Serviço público é um dos temas mais comentados devido à Reforma Administrativa, mas, ao mesmo tempo, é um dos mais difíceis de falarmos neste momento. Naturalmente, temos nossas opiniões formadas a partir de experiências pessoais em repartições públicas ou nos comentários que escutamos por aí, seja num bar ou nas redes sociais.
Se buscarmos os pontos principais do que queremos do Estado, provavelmente muitos deles serão convergentes. Então, vamos pensar nos mais óbvios desses pontos e que ajudariam a melhorar nosso dia a dia, como desburocratização, eficiência no atendimento, conversão dos nossos impostos em serviços de qualidade e o fim da corrupção.
Primeiro, para falarmos sobre a desburocratização, precisamos entender a estrutura do Estado em todas as minúcias e como se dão os fluxos operacionais. Como exemplo, nos deparamos com uma quantidade enorme de diferentes impostos que as empresas pagam para poder abrir suas portas e funcionar, mas isso não se resolveria falando de serviço público, e sim com um debate sobre reforma tributária.
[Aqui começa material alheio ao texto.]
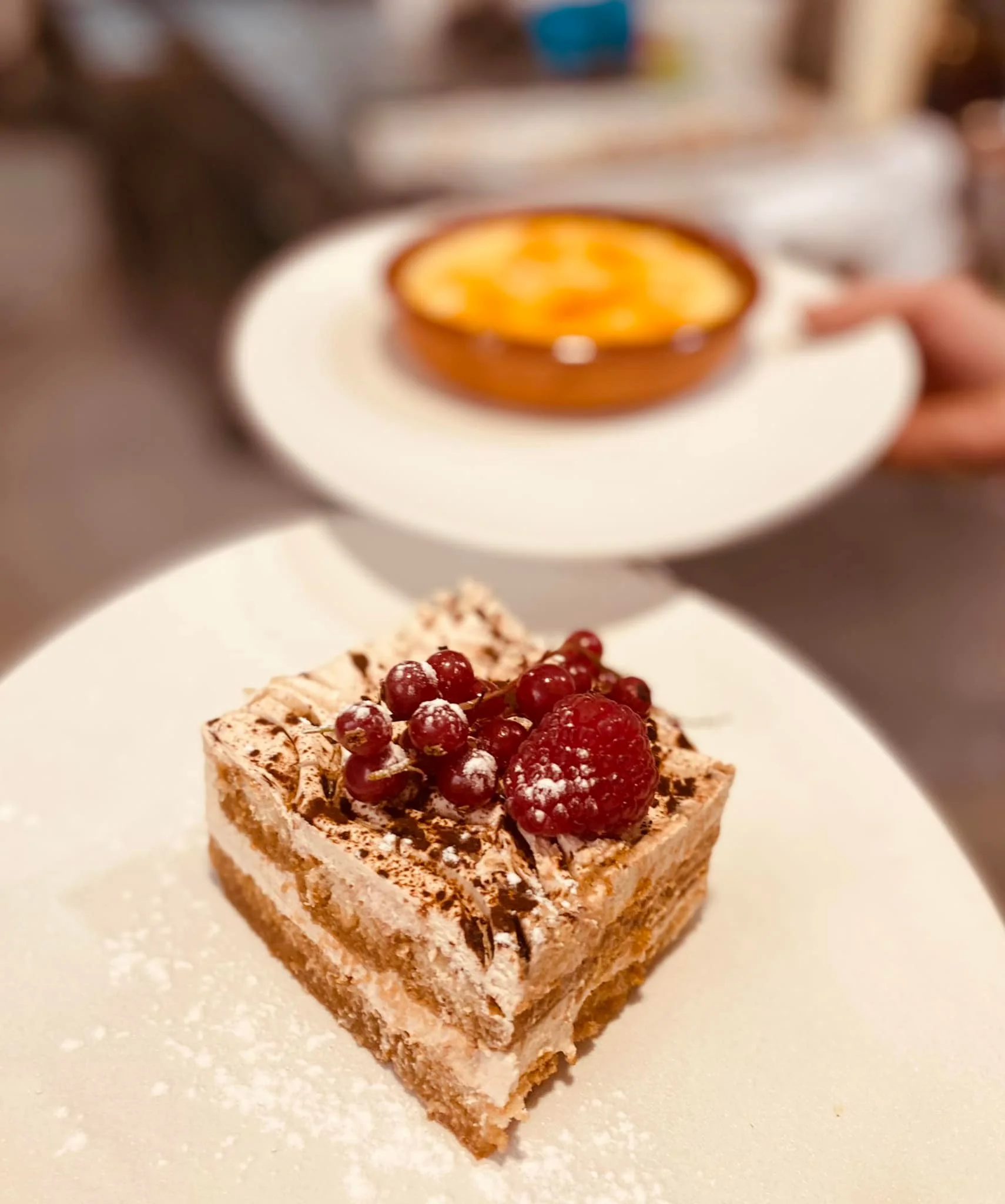 postre crema con futos rojos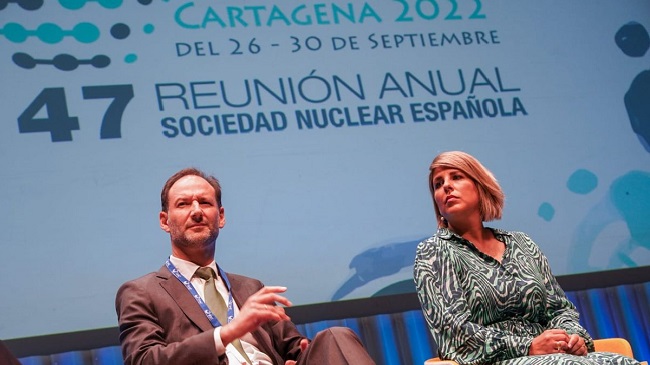 El presidente de la Sociedad Nuclear Espa&ntilde;ola,&nbsp;H&eacute;ctor Dominguis, y la alcaldesa de Cartagena, Noelia Arroyo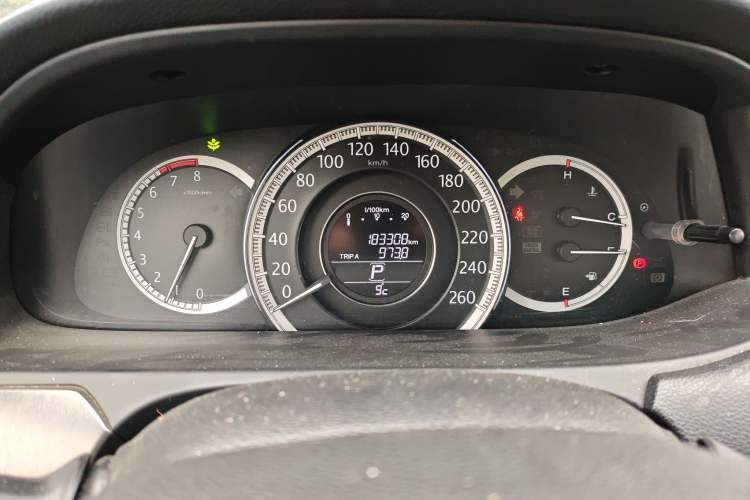 Used Honda Accord 2015 2.0L LX Comfort Edition Odometer Close Up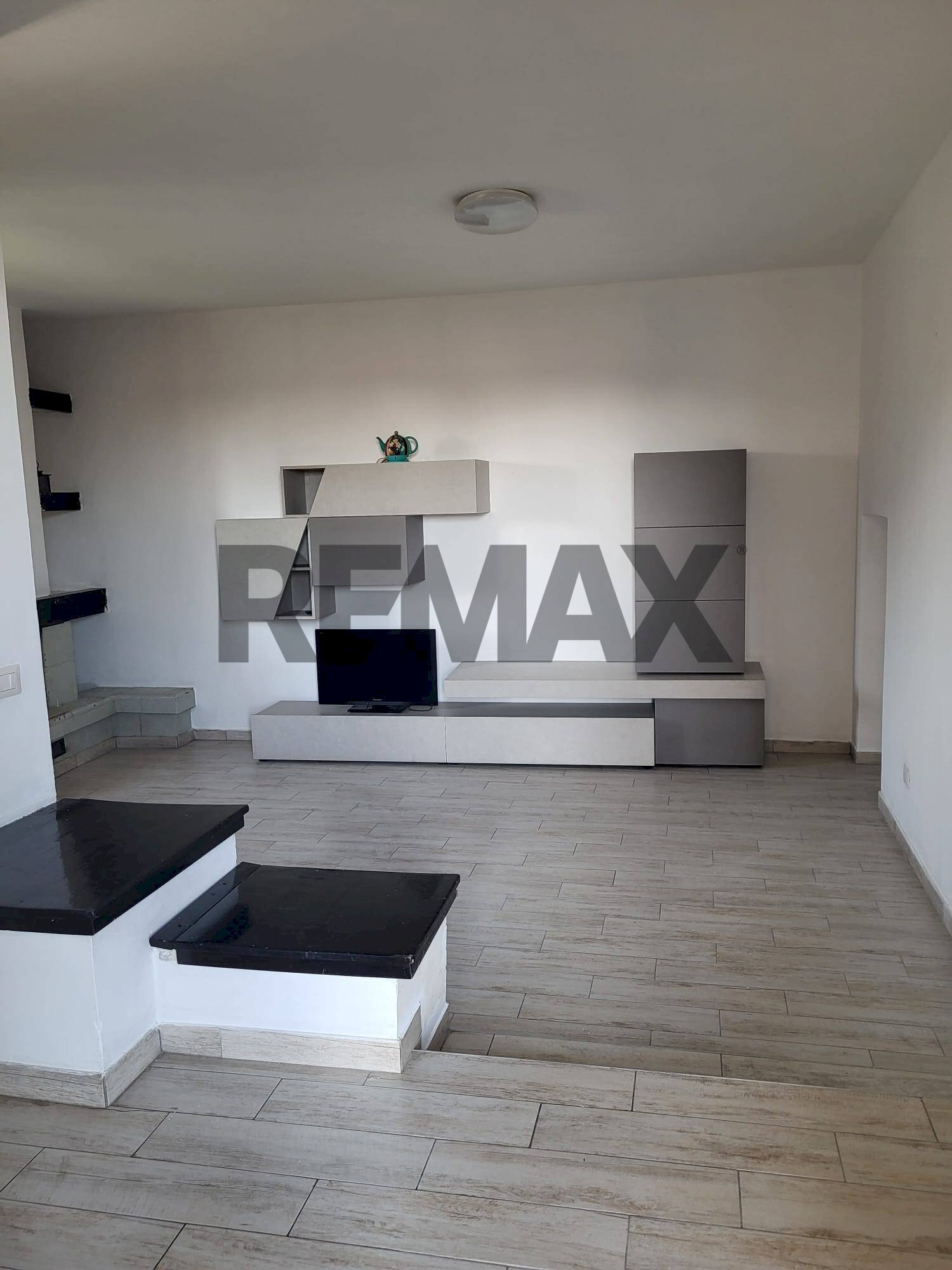 Soggiorno - Three-room apartment vicolo trento
 
9, Capriate San Gervasio - photo 2
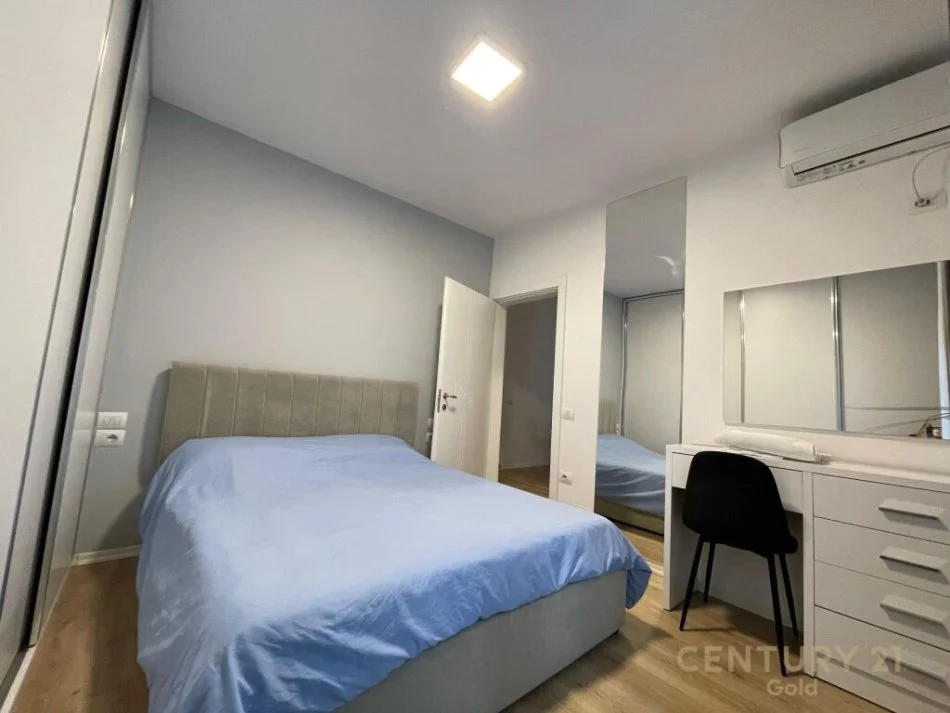 Tirane, jepet me qera apartament 1+1+Ballkon Kati 2, 60 m² 550 € (5 Maji)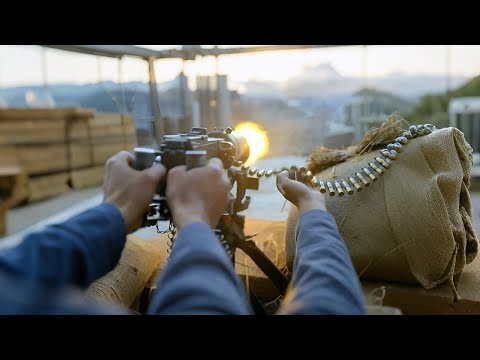 Видео: Японская армия развязала уличные бои, а наша армия расстреляла японскую армию из пулемета.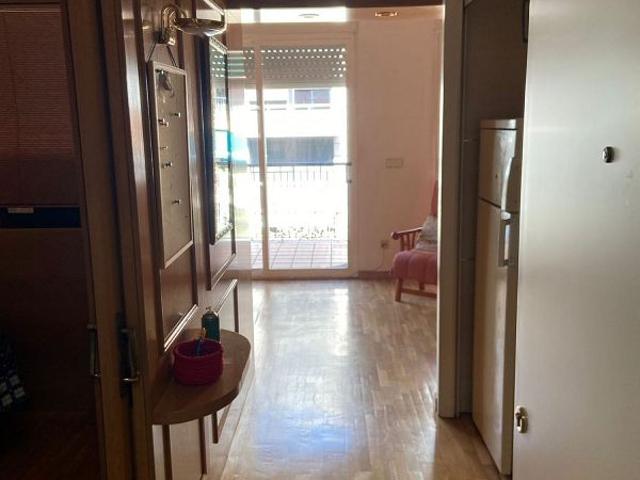 Piso en alquiler en calle De Calàbria, Barcelona, de 33 m² 1 habitación por 2.000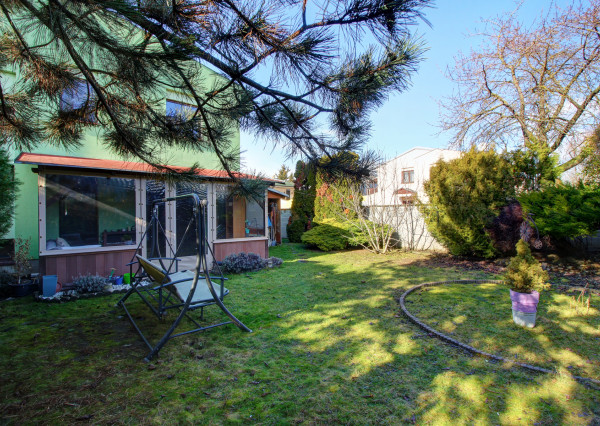 Na predaj: 4izbový rodinný dom s garážou – Šamorín-Mliečno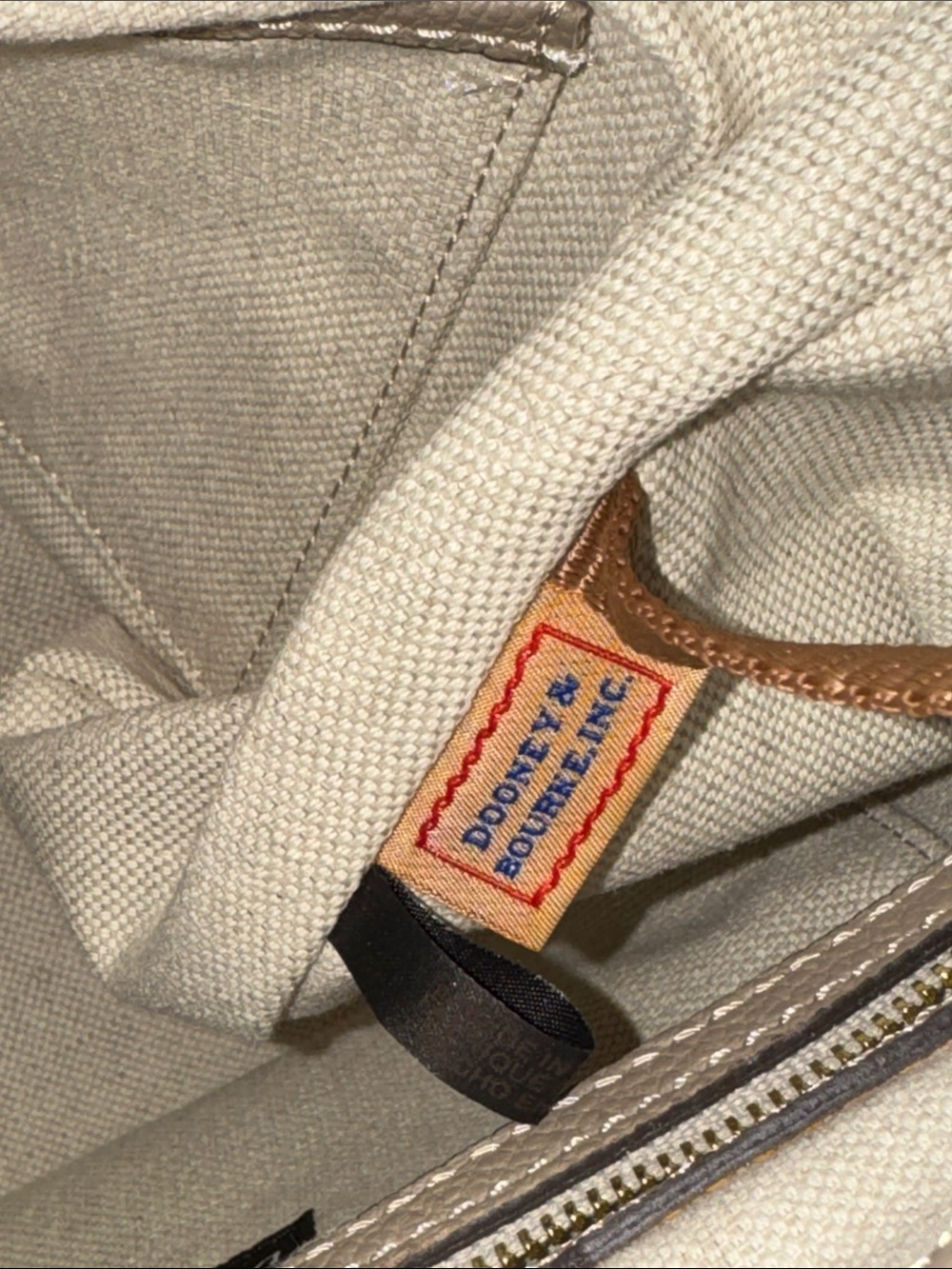 Dooney & Bourke small Sorrento satchel in taupe with strap - Picture 11 of 13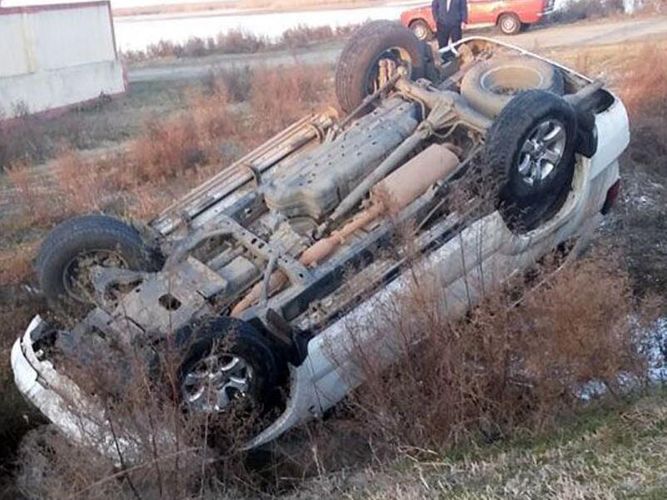 İmişlidə avtomobil aşdı: ana və oğlu xəsarət alıb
Em relação à morosidade do funcionamento de cada órgão e número de processos internos de cada um deles, a conversa precisa ser aprofundada, buscando ferramentas tecnológicas, simplificação de atos administrativos, digitalização de processos, entre tantas outras coisas e isso nada consta na reforma administrativa. Logo, os pontos cruciais para a desburocratização não fazem parte dessa reforma e você passa a ter a ilusão de que as coisas funcionarão caso ela seja aprovada.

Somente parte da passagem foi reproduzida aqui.